Светлый фон

Шмидт принес ему платье Катрин, и судья мельком бросил взгляд на этикетку.

Убедительное сравнение.

— Благодарю вас, — тихо сказал судья, отпуская датчанку, — оба платья действительно идентичны.

Топ-модель не стала обременять себя, поворачиваясь к судье, чтобы попрощаться, и по сигналу Шмидта, который радостно улыбался ей, поздравляя с исключительно выполненным заданием, медленно, с высоко поднятой головой вернулась на свое место, явно равнодушная к вызванному ею интересу. Она снова накинула шаль на плечи и села.

Катрин с видимым интересом следила за этим маскарадом, который задел ее за живое. Приведенная в сильное замешательство, она опустила голову: она сама никогда не сознавала, до какой степени вид ее мог быть провоцирующим! В ее защиту следовало сказать, что у нее была грудь девочки-подростка, тогда как топ-модель была куда более щедро наделена женскими прелестями. В этом смысле сравнение было несправедливым, а следовательно, демонстрация искажала суть дела.

Как же Пол Кубрик мог допустить такое?

Когда схлынула волна стыда, Катрин бросила испытующий взгляд на прокурора, который лишь виновато поджал губы. Он понимал, что допустил промах, но исправить уже ничего не мог. Стоило на минуту ослабить бдительность, чтобы допустить ошибку из-за излишней самоуверенности.

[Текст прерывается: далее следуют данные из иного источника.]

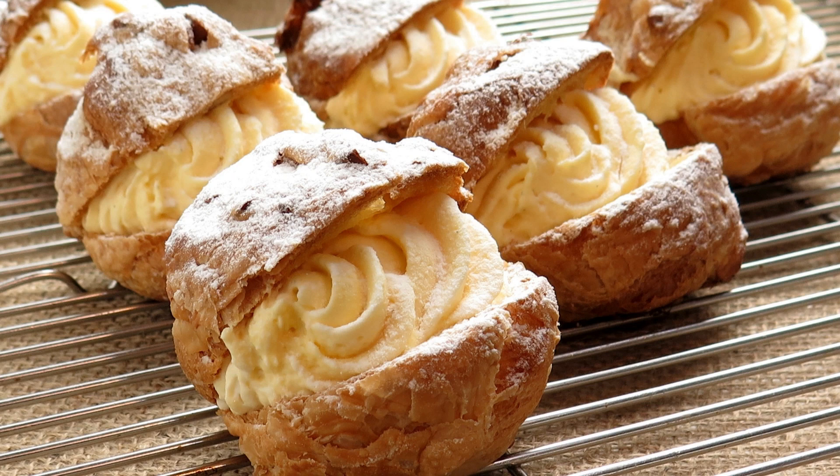Strawberry Cream Puff Pie Recipe. If you're looking for a dessert that's both elegant and easy to make, this strawberry cream puff pie recipe is perfect. With its light and airy cream filling, fresh strawberries, and buttery pastry shell, this pie is sure to impress. Here's how to make it.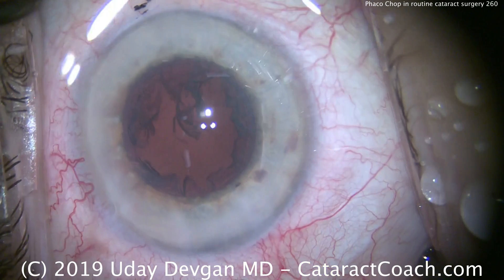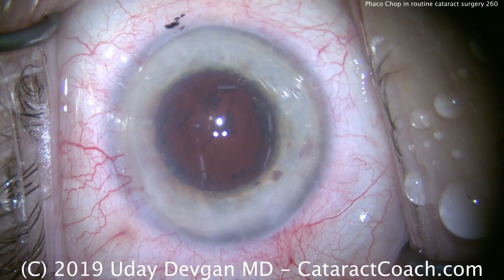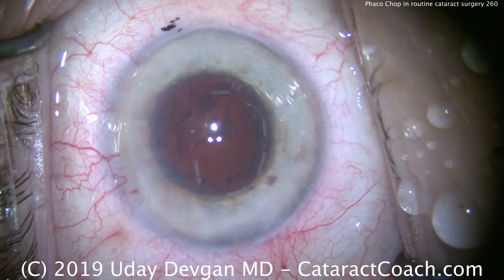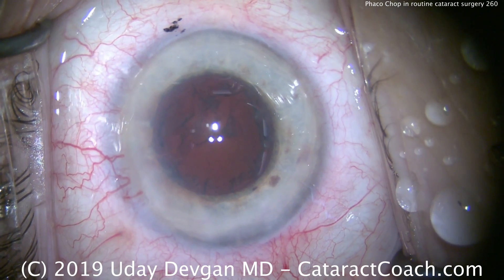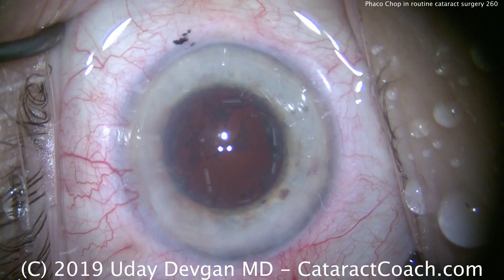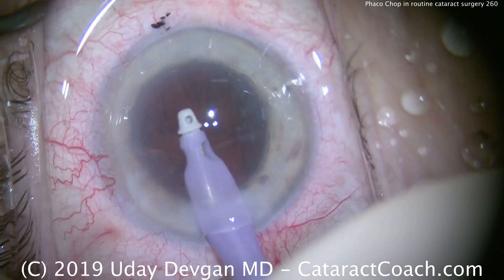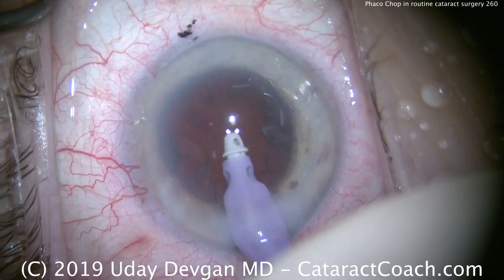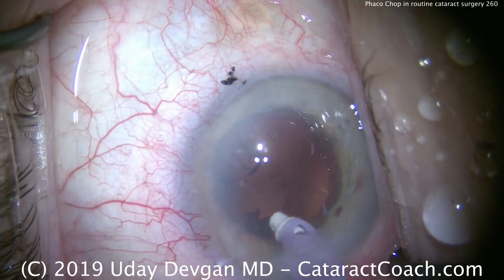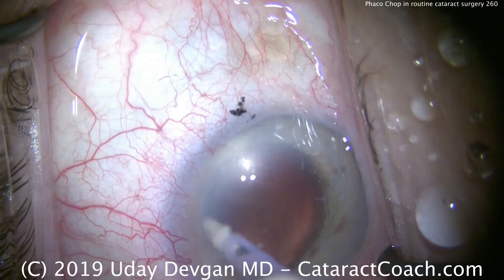Clean that up — it looks beautiful. Now time for irrigation-aspiration cortex removal. We want to make sure we completely empty the capsular bag, but we also want to confirm this patient doesn't have any zonular issues. That means look at the capsular rhexis edge as you're doing the cortex removal — that rhexis edge should be absolutely stable and still, it should not move. We'll flip around in various directions and get all this cortex out. This is looking pretty clean.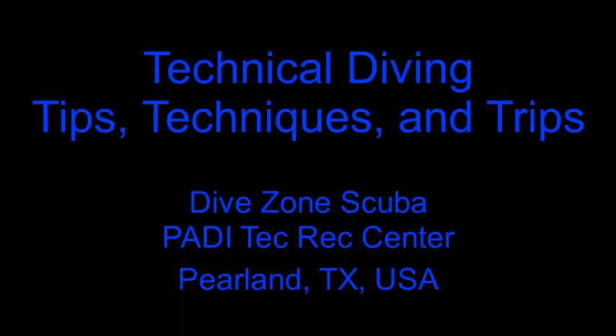In this video, we'll be discussing a luggage system for carrying aboard technical diving equipment. This is Chris with Dive Zone Scuba for another technical diving tips, techniques, and trips video.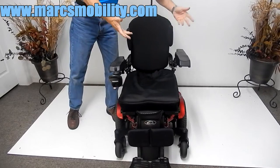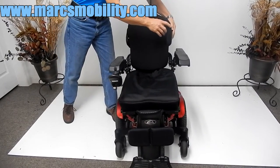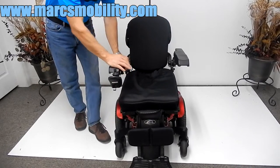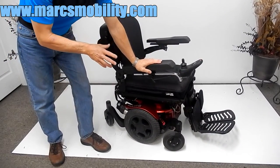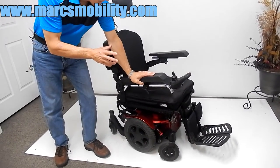You have lateral support which can be taken off if you want. This is not a large chair, so it would be for a person of medium to small size. This chair is fairly quick — it does take two batteries, and this chair works on two 55-amp batteries.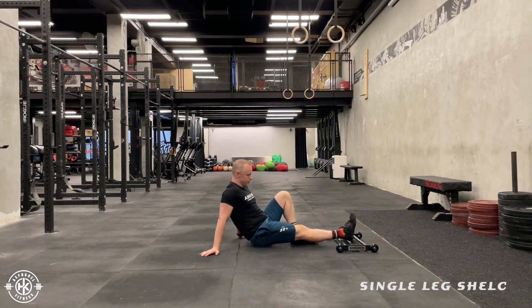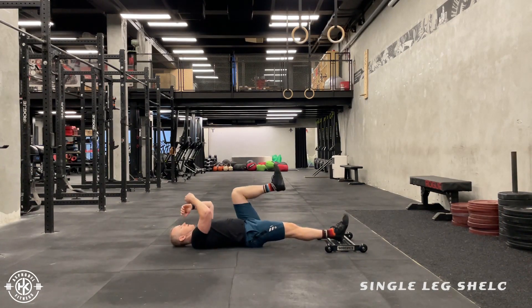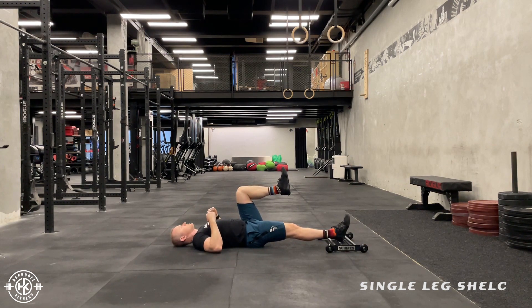One foot basically in the middle of the roller. I'm going to come up, one leg up like this. Now I can use my elbows to brace against the ground, my hands, or I can have my arms up — whatever I want to do.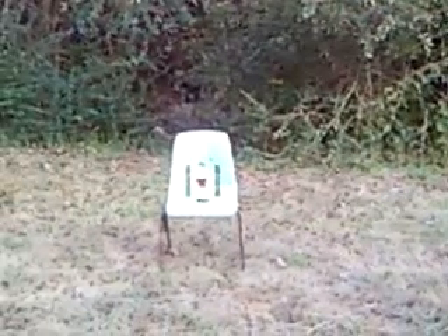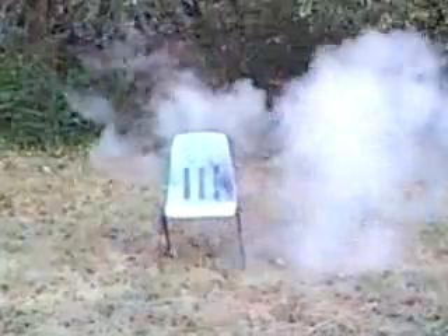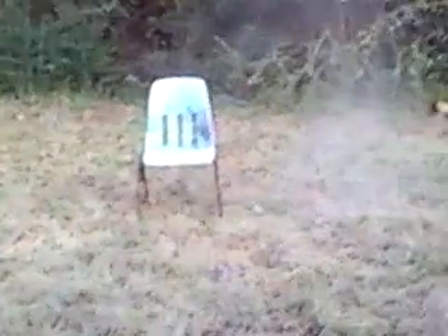She's about to blow. That was the bottle bomb.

Этот урок показал, что Шмидт способен ловко извлекать красочные эффекты даже из самых незначительных деталей: поэтому нельзя было позволять ему ни малейшей вольности.

Насладившись произведенным впечатлением, Шмидт продолжил свой допрос:

— Мадемуазель Шилд, можете ли вы сказать, каким образом вы попали в бар «Гавана» в Хэмптоне?

Катрин посмотрела на прокурора. Несмотря на все усилия, она так и не смогла этого вспомнить.

Кубрик не раз повторял ей: если она не знает чего-нибудь, то лучше сказать об этом, не вдаваясь в нелепые объяснения, потому что рано или поздно она рискует впасть в противоречия с собственными показаниями.

Прокурор только пожал плечами.

— Я не помню, — наконец ответила Катрин.

— Вы не помните? Как странно! У вас есть водительские права, мадемуазель Шилд?

— Нет.

— Нет водительских прав? Значит, вы не могли приехать в этот бар на автомобиле?

— Нет.

— Мадемуазель Шилд, если бы вам пришлось объяснять кому-либо из пациентов психиатрической клиники, где вы оказались вследствие совершенной тремя днями раньше попытки самоубийства, как добраться в Хэмптон, а точнее в бар «Гавана», что бы вы сказали этому человеку?

— Выбрать кратчайший путь на восток, а потом ориентироваться на странный запах.